The President of the World Federation of Diamond Bourses (WFDB) on
Friday released a statement announcing the decision, which is only set
to affect the Marange deposits. The WFDB only allows its members to
trade in diamonds that are accompanied by a Kimberly Process
certificate, meant to guarantee that the gems are not fuelling
conflicts. The Kimberley Process is a regulatory body that was set up
in order to prevent the trade in conflict diamonds.
But the Kimberley Process' ineffectiveness in Zimbabwe has now been
highlighted with the WFDB decision, which follows a recent and damning
report by a Canadian NGO, involved in stopping the trade of conflict
diamonds. The group, Partnership Africa Canada (PAC), last month
released the report titled Zimbabwe, Diamonds and the Wrong Side of
History', and accused the Kimberley Process of being unwilling and
unable to deal with Zimbabwe's diamond crisis.

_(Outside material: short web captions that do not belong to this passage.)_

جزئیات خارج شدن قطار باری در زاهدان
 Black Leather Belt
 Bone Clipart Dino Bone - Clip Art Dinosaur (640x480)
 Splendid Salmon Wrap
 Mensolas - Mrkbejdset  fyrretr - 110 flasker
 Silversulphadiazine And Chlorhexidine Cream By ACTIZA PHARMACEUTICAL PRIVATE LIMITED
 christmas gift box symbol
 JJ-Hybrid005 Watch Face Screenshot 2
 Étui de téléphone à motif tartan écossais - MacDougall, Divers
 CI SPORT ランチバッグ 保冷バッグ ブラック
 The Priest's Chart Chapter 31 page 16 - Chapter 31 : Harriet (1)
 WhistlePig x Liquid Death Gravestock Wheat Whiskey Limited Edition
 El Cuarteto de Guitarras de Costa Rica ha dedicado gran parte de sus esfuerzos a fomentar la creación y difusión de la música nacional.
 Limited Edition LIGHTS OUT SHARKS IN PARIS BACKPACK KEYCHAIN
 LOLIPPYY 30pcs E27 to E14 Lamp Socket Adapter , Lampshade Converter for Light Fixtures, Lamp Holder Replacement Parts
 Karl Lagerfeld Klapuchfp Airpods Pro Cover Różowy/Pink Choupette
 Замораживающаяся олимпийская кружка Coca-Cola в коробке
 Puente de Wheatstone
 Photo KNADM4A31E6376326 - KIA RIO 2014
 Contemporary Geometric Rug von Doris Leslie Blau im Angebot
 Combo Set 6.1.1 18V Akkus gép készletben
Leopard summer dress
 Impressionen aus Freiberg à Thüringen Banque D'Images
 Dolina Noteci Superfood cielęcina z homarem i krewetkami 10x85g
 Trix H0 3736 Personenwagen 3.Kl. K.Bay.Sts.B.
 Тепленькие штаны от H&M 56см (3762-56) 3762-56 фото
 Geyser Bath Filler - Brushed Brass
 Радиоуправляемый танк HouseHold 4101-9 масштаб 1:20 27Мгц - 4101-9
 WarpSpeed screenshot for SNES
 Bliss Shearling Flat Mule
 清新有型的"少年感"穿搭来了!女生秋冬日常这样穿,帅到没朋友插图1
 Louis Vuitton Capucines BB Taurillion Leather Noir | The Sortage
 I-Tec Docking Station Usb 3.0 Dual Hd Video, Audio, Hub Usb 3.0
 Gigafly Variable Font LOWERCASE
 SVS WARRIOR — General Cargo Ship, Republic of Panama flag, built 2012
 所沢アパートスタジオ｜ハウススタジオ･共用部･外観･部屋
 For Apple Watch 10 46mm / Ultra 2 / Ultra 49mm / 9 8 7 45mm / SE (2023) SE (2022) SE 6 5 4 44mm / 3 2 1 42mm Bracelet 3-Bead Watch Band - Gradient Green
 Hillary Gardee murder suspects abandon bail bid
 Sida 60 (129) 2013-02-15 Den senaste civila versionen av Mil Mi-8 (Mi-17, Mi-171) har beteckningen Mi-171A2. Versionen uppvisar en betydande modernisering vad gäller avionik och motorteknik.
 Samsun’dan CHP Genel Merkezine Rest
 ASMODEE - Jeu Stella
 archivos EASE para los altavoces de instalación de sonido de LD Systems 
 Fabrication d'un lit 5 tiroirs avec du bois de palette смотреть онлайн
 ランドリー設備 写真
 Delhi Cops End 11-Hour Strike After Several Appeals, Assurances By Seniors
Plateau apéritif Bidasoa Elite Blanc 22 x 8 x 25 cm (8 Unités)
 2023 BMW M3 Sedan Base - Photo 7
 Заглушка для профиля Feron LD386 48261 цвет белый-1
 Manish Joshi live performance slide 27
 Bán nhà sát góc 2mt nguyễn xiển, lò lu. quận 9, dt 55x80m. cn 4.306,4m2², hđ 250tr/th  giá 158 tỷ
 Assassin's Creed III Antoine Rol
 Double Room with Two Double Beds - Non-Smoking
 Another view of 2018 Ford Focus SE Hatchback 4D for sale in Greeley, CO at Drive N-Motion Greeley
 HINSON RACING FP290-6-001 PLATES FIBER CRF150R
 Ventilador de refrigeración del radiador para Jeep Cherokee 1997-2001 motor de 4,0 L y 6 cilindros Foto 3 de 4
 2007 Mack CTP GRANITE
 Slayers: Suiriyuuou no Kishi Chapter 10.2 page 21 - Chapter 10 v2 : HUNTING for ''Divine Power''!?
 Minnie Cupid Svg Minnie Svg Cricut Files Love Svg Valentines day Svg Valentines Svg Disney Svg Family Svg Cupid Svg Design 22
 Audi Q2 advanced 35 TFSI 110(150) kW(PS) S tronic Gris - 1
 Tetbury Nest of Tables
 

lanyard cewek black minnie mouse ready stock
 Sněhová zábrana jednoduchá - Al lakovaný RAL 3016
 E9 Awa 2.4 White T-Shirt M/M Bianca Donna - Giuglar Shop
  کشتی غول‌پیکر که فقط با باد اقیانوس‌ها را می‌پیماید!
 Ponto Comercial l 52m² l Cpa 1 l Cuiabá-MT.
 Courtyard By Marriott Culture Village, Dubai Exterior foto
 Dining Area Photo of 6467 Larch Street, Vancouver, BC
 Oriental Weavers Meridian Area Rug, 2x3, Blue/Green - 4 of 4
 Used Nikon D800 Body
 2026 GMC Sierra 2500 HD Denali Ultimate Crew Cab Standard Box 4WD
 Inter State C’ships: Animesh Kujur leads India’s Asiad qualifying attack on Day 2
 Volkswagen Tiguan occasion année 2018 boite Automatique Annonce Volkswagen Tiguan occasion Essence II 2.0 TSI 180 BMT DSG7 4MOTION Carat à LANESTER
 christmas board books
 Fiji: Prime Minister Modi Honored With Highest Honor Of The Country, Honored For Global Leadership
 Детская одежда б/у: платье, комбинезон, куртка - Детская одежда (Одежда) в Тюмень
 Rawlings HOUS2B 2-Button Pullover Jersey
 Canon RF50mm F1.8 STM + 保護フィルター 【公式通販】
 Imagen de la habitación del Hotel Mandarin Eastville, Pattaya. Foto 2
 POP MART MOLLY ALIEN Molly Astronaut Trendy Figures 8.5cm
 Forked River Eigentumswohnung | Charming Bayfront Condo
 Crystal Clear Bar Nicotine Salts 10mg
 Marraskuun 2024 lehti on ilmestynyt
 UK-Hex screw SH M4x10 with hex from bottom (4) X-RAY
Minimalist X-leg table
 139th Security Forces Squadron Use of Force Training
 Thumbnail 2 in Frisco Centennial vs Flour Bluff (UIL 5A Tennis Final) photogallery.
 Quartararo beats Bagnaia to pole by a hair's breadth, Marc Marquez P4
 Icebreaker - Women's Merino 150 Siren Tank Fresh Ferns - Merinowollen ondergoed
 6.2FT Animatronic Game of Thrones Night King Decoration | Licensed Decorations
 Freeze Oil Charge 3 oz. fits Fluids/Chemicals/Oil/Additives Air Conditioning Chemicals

The PAC report came in the wake of widespread accounts of killings in
the Chiadzwa area, which has been the centre of controversy since last
October when the army was called in to disperse thousands of illegal
diamond hunters. The government had originally illegally seized the
Chiadzwa diamond claim in 2007, and set off a diamond rush when it
encouraged locals to help themselves. But the arrival of the army last
year resulted in violence and murder, after the area was sealed off
with military roadblocks and troops. Accounts from survivors of the
military onslaught detailed the killings, speaking of machine-gun
attacks by helicopter and armed attacks by troops on the ground.
Civilians in the region also reported that anyone attempting to enter
Chiadzwa was arrested and often tortured and killed.
Zimbabwe Lawyers for Human Rights have said that about 5,000 people
were arrested during the army operation, with three quarters of them
showing signs of having been tortured severely. The MDC has also
claimed that hundreds of people were buried in mass graves to hide the
regime's murderous activities, and that the soldiers sent to guard'
the fields had become illegal diamond dealers themselves.